[edit]
SuperVision: Self-Supervised Super-Resolution for Appearance-Based Gaze Estimation
Proceedings of The 2nd Gaze Meets ML workshop, PMLR 226:197-218, 2024.
Abstract
Gaze estimation is a valuable tool with a broad range of applications in various fields, including medicine, psychology, virtual reality, marketing, and safety. Therefore, it is essential to have gaze estimation software that is cost-efficient and high-performing. Accurately predicting gaze remains a difficult task, particularly in real-world situations where images are affected by motion blur, video compression, and noise. Super-resolution (SR) has been shown to remove these degradations and improve image quality from a visual perspective.
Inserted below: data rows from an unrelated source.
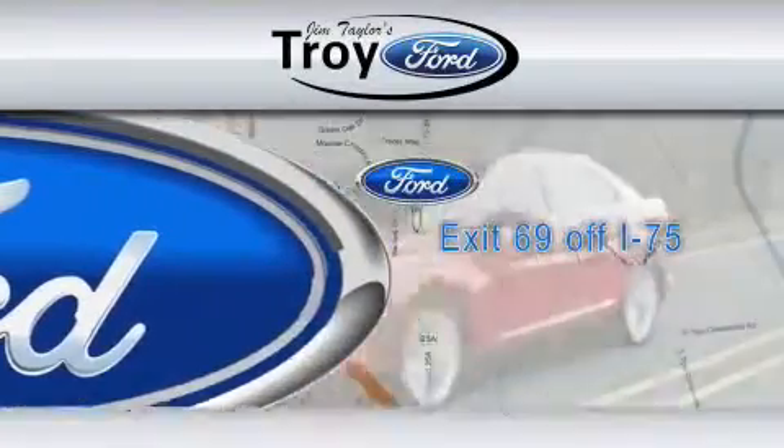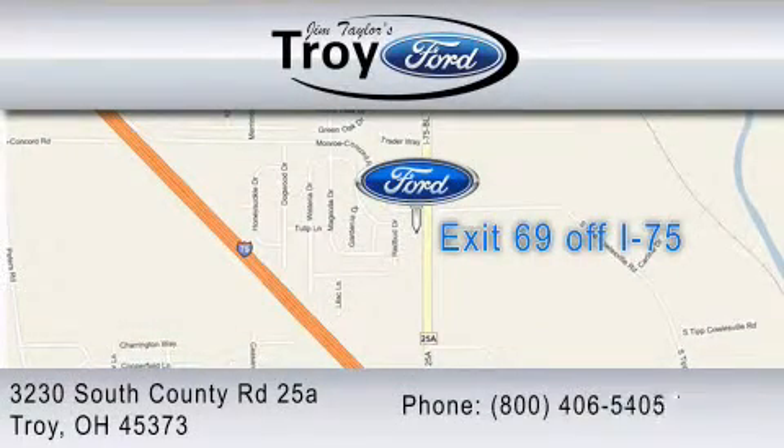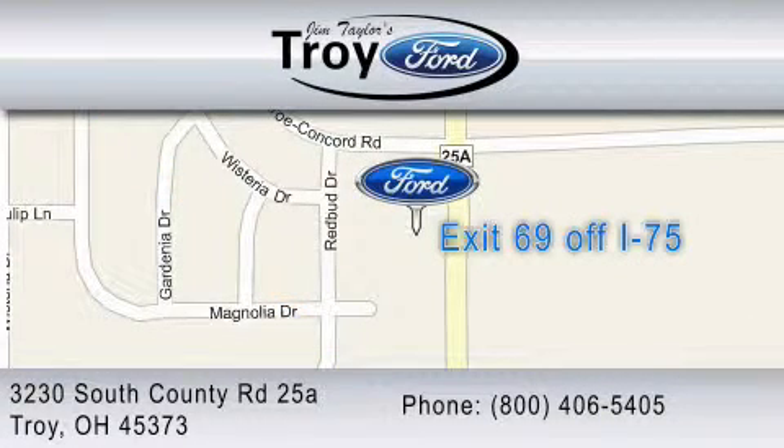We are located at 3230 South County Road, exit 69 off I-75. You can contact us at 1-800-406-5405.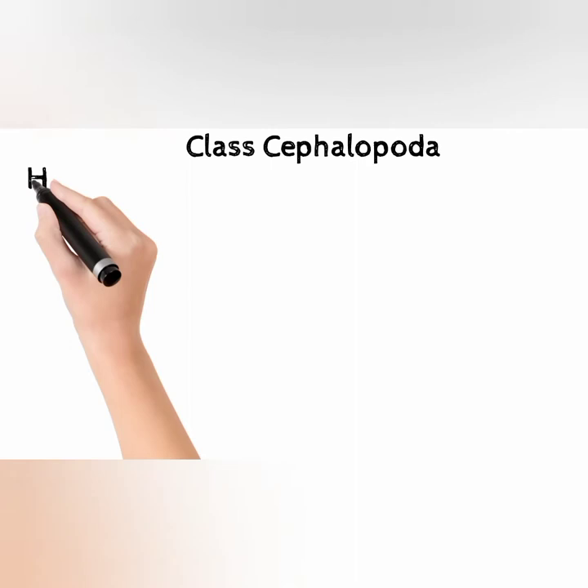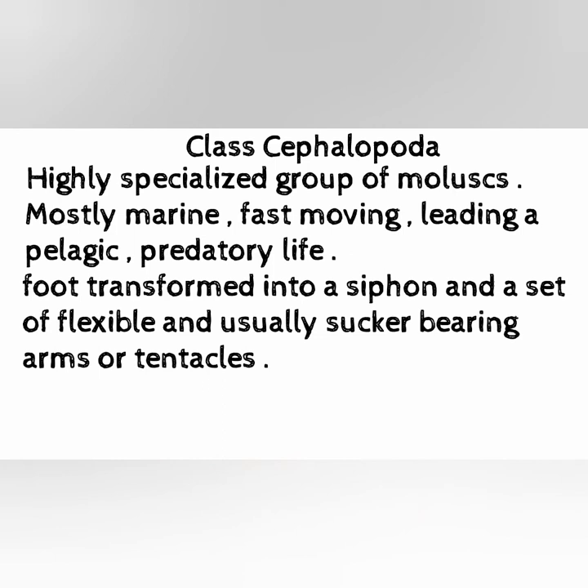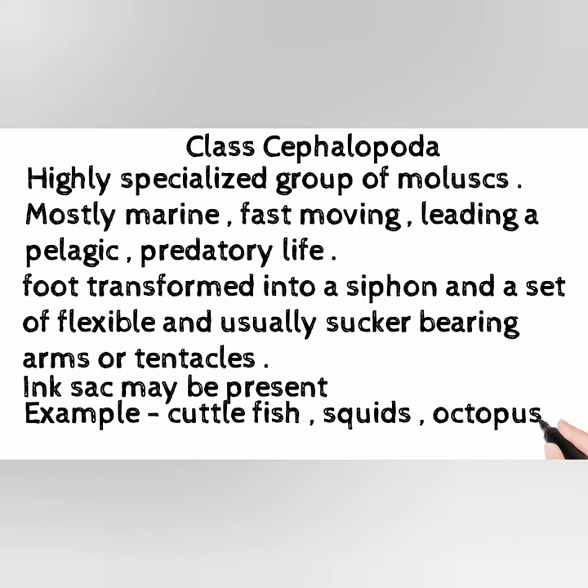Class Cephalopoda: a highly specialized group of molluscs, mostly marine, fast moving, leading a pelagic predatory life. Foot is transformed into a siphon and a set of flexible and usually sucker-bearing arms or tentacles. Ink sack may be present. Examples include cuttlefish, squids, octopuses, Nautilus, and so on.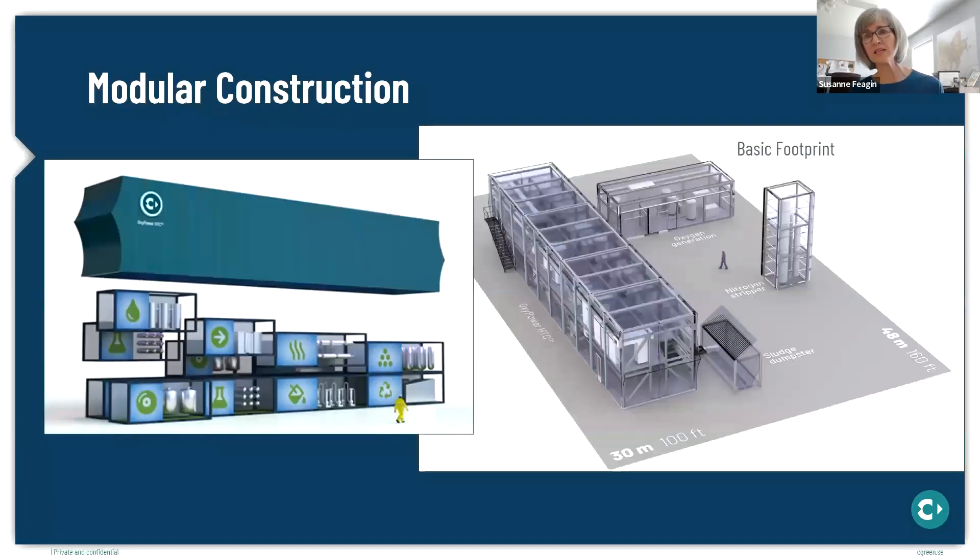With respect to the equipment hardware, a Seagreen facility is delivered to the site as a set of pre-manufactured container-sized modules, making it easy to deploy, with a relatively compact footprint. It's about the size of two basketball courts side by side, including the unit and its peripheral equipment. The overall footprint dimensions are roughly 100 by 160 feet, including the oxygen-generating equipment and potential optional nitrogen stripping units.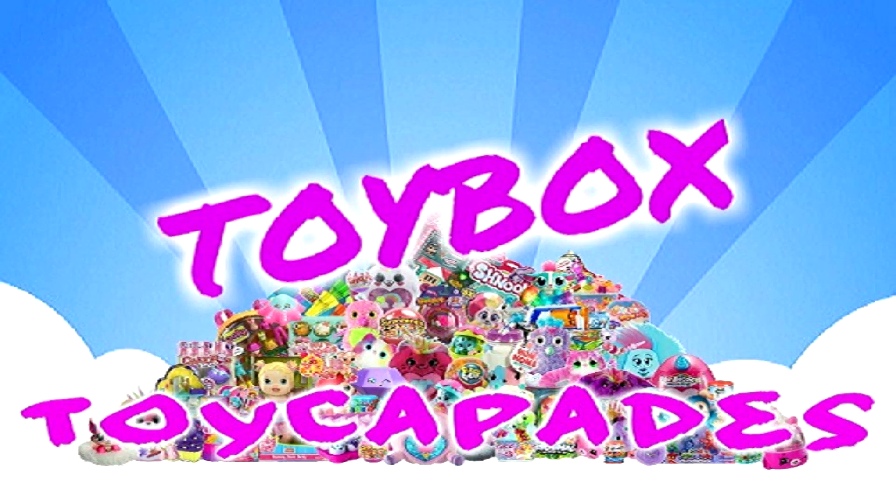Hi Toy Capaders! Have you become a member of the Toy Capades Squad yet? Click that red subscribe button and you can be an official Toy Capader. Don't forget to ring the bell and give it a big thumbs up. Follow us on Instagram for bloopers, sneak peeks, behind the scenes, and more. Thanks for watching. Bye!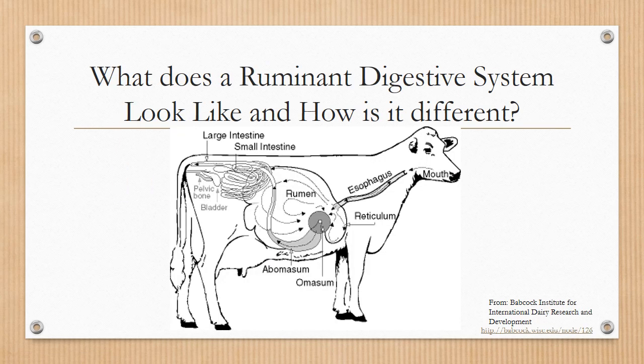Other questions that you might ask include: what does a ruminant digestive system look like and how is it different? As you'll notice, this is an image of the digestive system. It does appear to be a little bit different than a stomach that you might be used to seeing, which is that of a human or a simple-stomached animal. If you'll take notice, there are four different parts of the stomach, and that is why it is considered a ruminant digestive system. There are four compartments.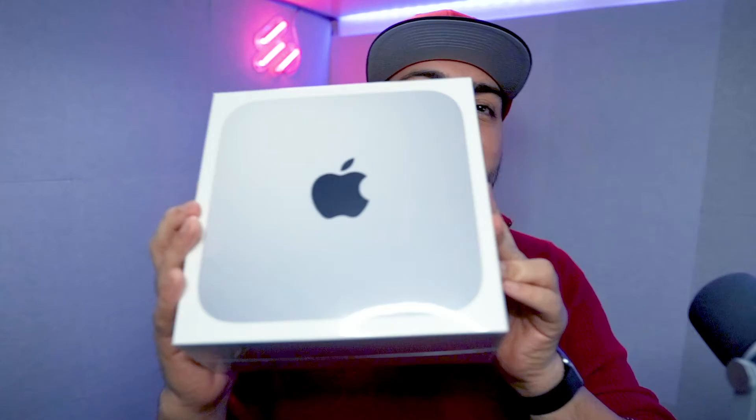Hey, what's going on guys, it's Enoch Madrid here back with another video. Something came in the mail today — here it is — the new Mac Mini, the M1 version. Check it out. I've been excited, I've been waiting for this thing to come in the mail. In this video I'm going to be talking about why I decided to buy this thing and my reasons.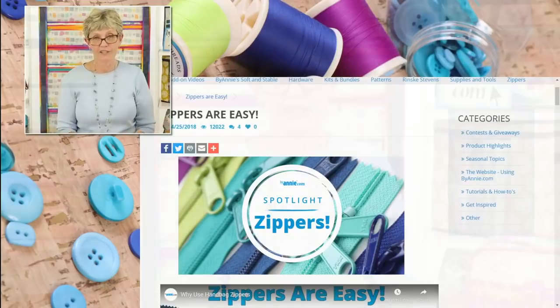We've got lots of resources on our website so that you are successful using zippers. If you get a chance, go watch that Zippers Are Easy video — it's about 42-43 minutes — and when you're doing projects where you have to install zippers, we made it really easy to go back and refer to it. So if you just need to know how to put it in a vinyl pocket or a mesh pocket, you can go straight to those sections. I hope you have a very happy National Zipper Day tomorrow, and thank you for joining us today.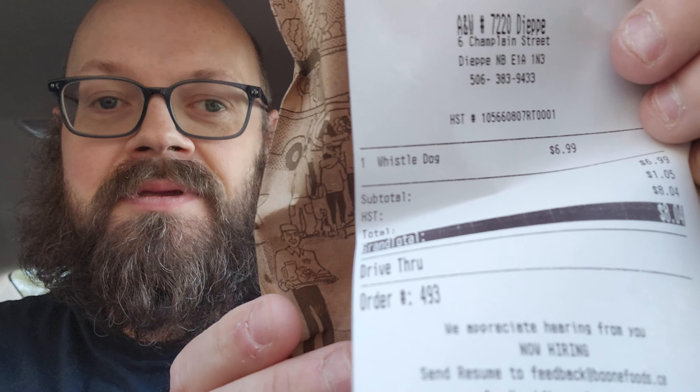Whistledog used to be really popular. I guess they got rid of it about five years ago. I feel like it's been longer than that, but it was also different when I was a kid — I remember it being on like a ciabatta bun, and it was kind of like a sandwich. And it definitely didn't cost $8.04 with tax. There's the receipt — take a look at that. $8.04 for one hot dog.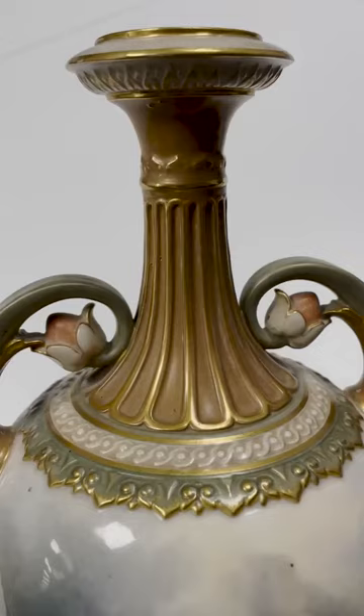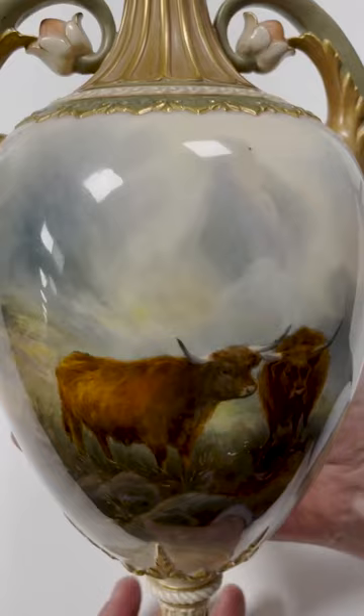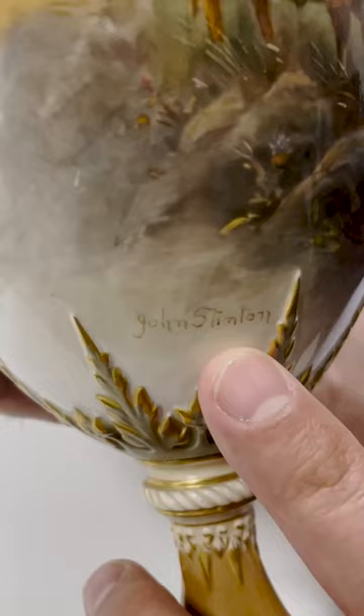I'm here to talk about lot 411 coming up in our fine art and antique sale. Fine piece of Royal Worcester here, featuring on the front a marvellous hand-painted view of Highland cattle by the well-known and perhaps one of the most renowned Worcester artist John Stinton.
This work examines the usefulness of super-resolution for improving appearance-based gaze estimation and demonstrates that not all SR models preserve the gaze direction. We propose a two-step framework for gaze estimation based on the SwinIR super-resolution model. The proposed method consistently outperforms the state-of-the-art, particularly in scenarios involving low-resolution or degraded images. Furthermore, we examine the use of super-resolution through the lens of self-supervised learning for gaze estimation and propose a novel architecture “SuperVision” by fusing an SR backbone network to a ResNet18. While only using 20% of the data, the proposed SuperVision architecture outperforms the state-of-the-art GazeTR method by 15.5%.